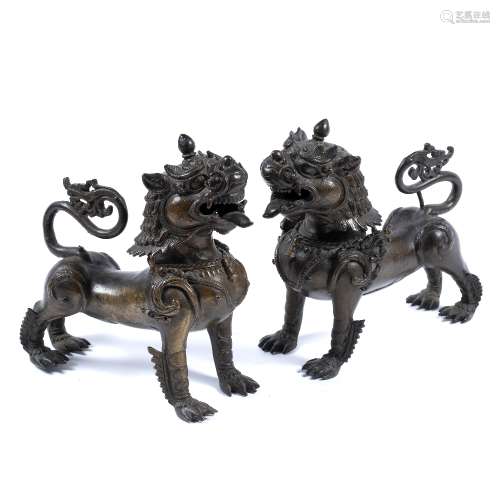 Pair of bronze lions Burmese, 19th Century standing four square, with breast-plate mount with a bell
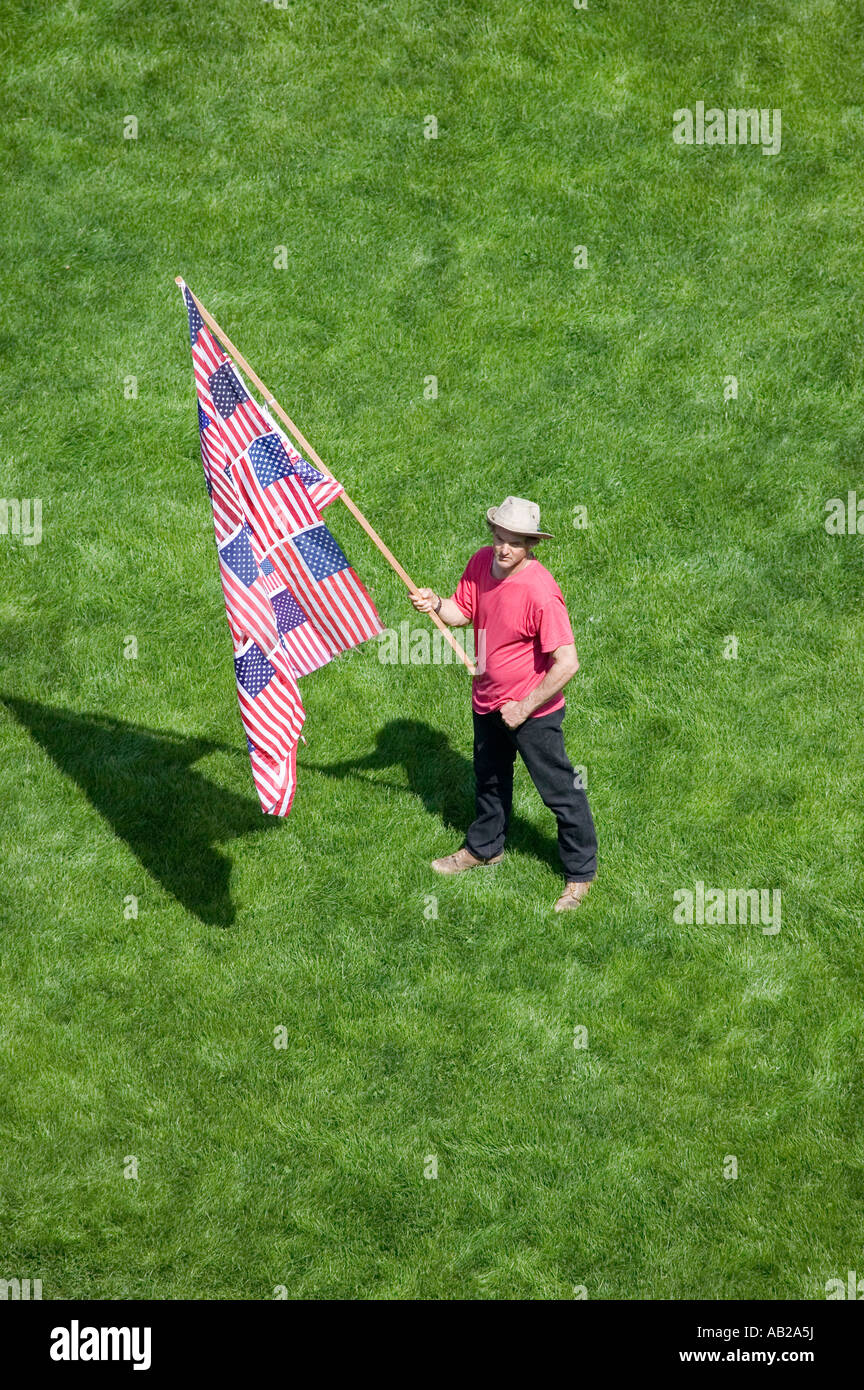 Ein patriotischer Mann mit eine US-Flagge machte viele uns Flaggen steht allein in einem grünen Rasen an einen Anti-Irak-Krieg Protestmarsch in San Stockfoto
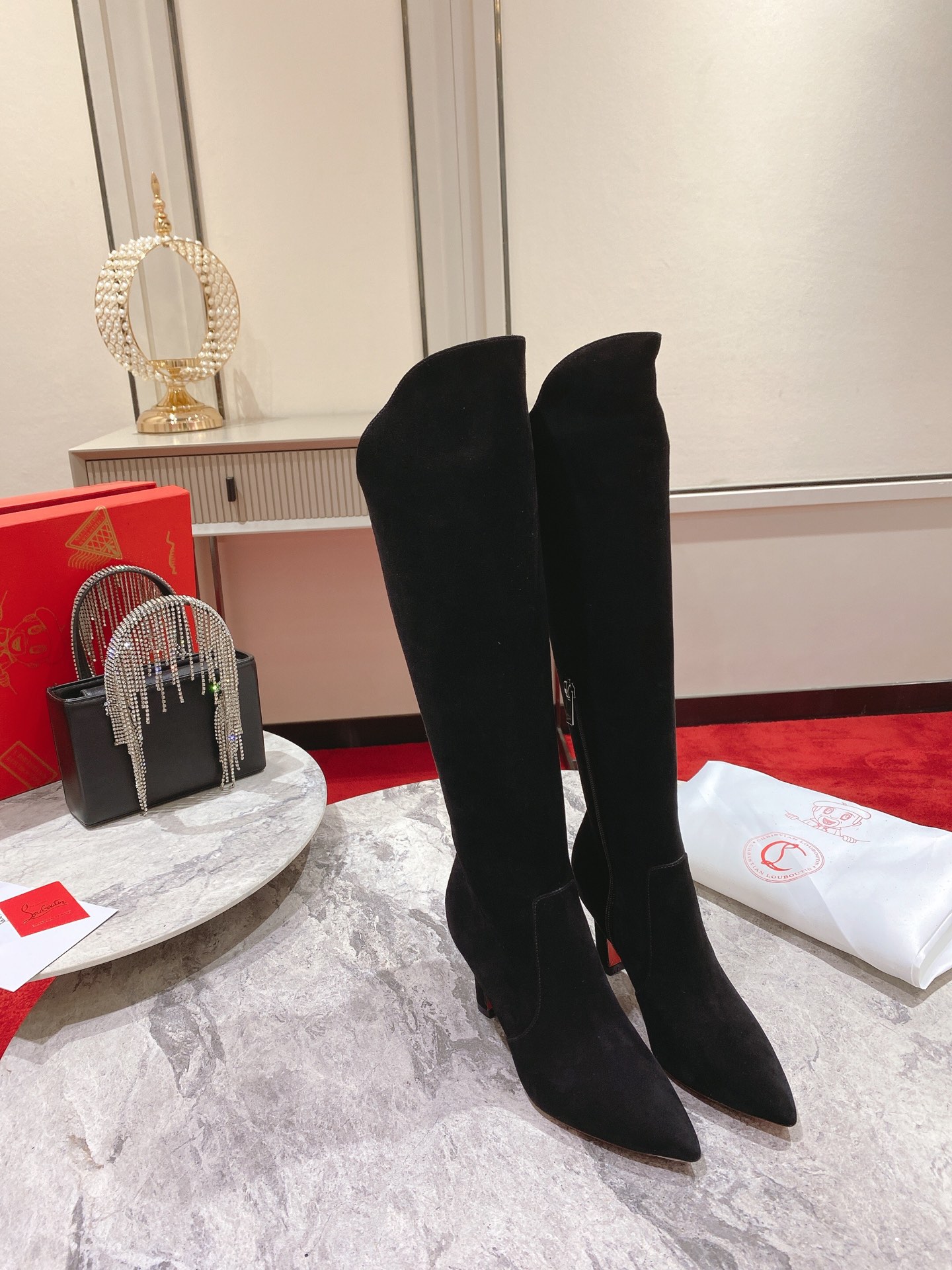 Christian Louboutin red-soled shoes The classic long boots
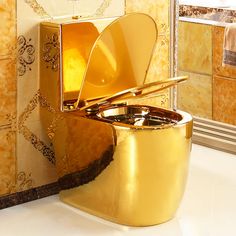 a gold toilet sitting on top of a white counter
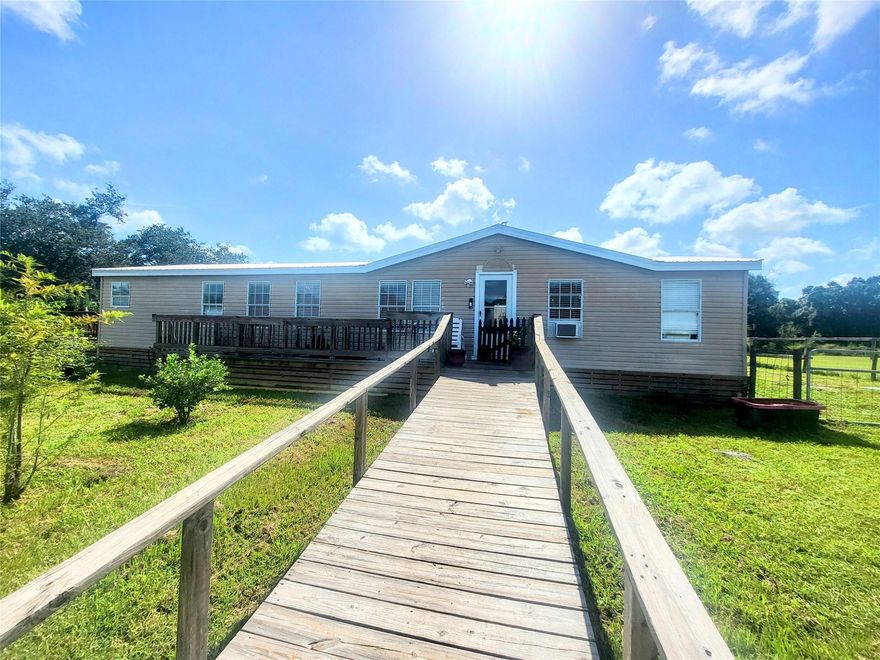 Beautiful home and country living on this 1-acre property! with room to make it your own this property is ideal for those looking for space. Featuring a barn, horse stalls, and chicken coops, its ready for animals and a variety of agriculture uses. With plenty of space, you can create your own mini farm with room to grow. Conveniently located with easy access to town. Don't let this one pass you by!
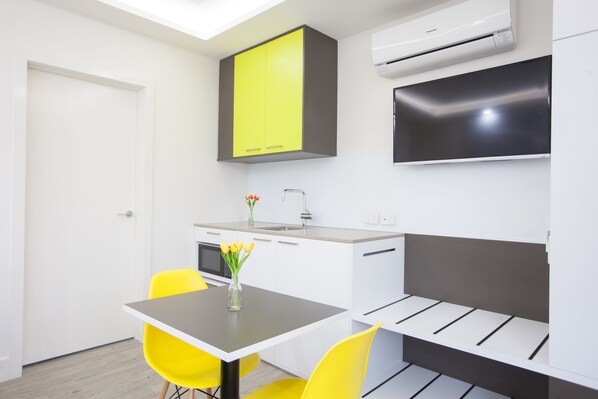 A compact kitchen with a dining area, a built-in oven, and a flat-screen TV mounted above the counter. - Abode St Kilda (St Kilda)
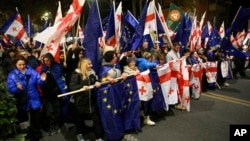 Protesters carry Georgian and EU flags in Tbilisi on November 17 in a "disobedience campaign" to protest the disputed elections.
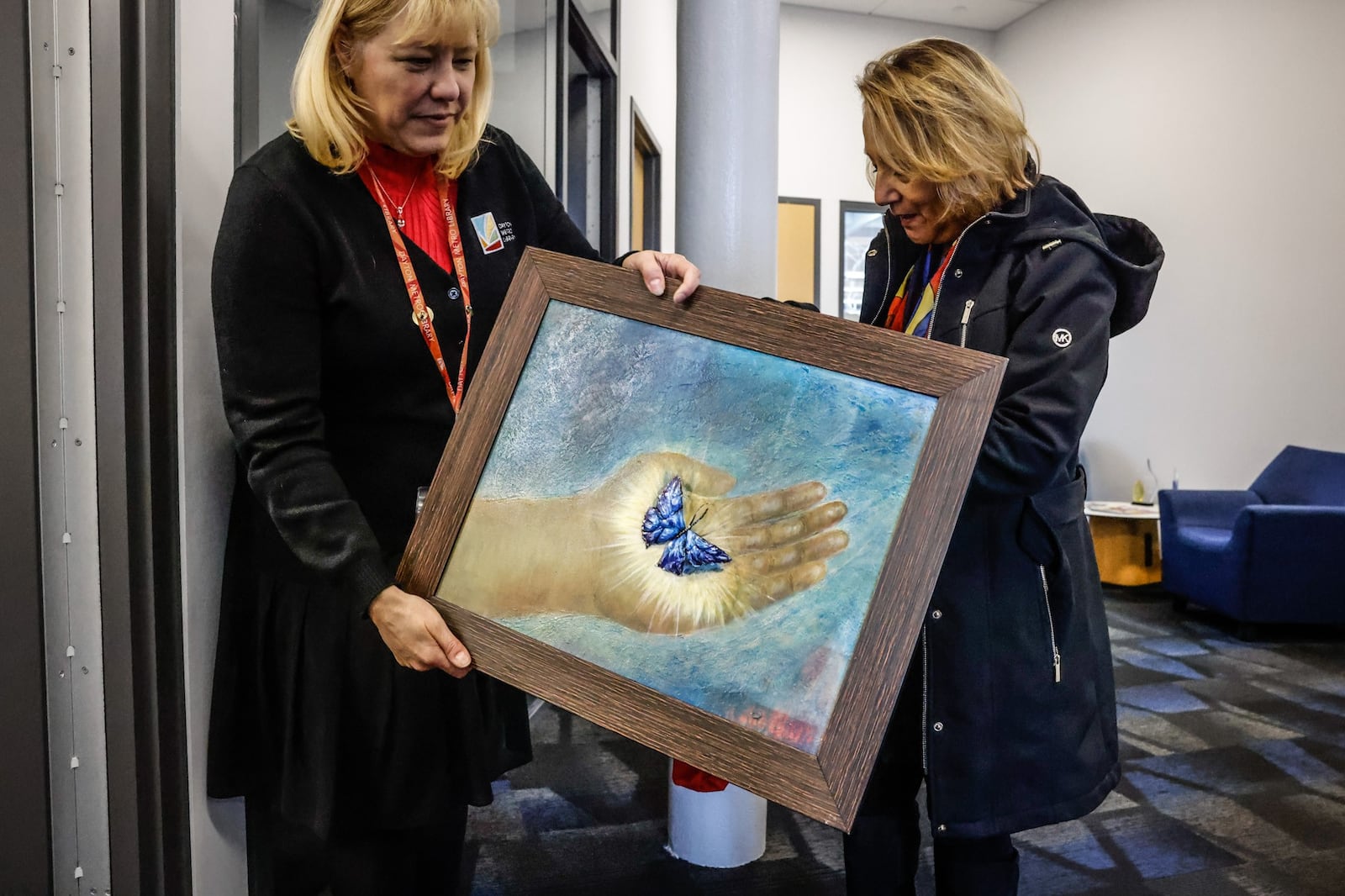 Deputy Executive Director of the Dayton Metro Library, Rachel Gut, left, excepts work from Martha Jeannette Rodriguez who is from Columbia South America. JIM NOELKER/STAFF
==*==
▶ **What you are asked to do**
Write the data above out again exactly, every line of it, and exclude the pictures.

▶ **Response below**
 Pair of bronze lions Burmese, 19th Century standing four square, with breast-plate mount with a bell
 Ein patriotischer Mann mit eine US-Flagge machte viele uns Flaggen steht allein in einem grünen Rasen an einen Anti-Irak-Krieg Protestmarsch in San Stockfoto
 Christian Louboutin red-soled shoes The classic long boots
 a gold toilet sitting on top of a white counter
 Beautiful home and country living on this 1-acre property! with room to make it your own this property is ideal for those looking for space. Featuring a barn, horse stalls, and chicken coops, its ready for animals and a variety of agriculture uses. With plenty of space, you can create your own mini farm with room to grow. Conveniently located with easy access to town. Don't let this one pass you by!
 A compact kitchen with a dining area, a built-in oven, and a flat-screen TV mounted above the counter. - Abode St Kilda (St Kilda)
 Protesters carry Georgian and EU flags in Tbilisi on November 17 in a "disobedience campaign" to protest the disputed elections.
 Deputy Executive Director of the Dayton Metro Library, Rachel Gut, left, excepts work from Martha Jeannette Rodriguez who is from Columbia South America. JIM NOELKER/STAFF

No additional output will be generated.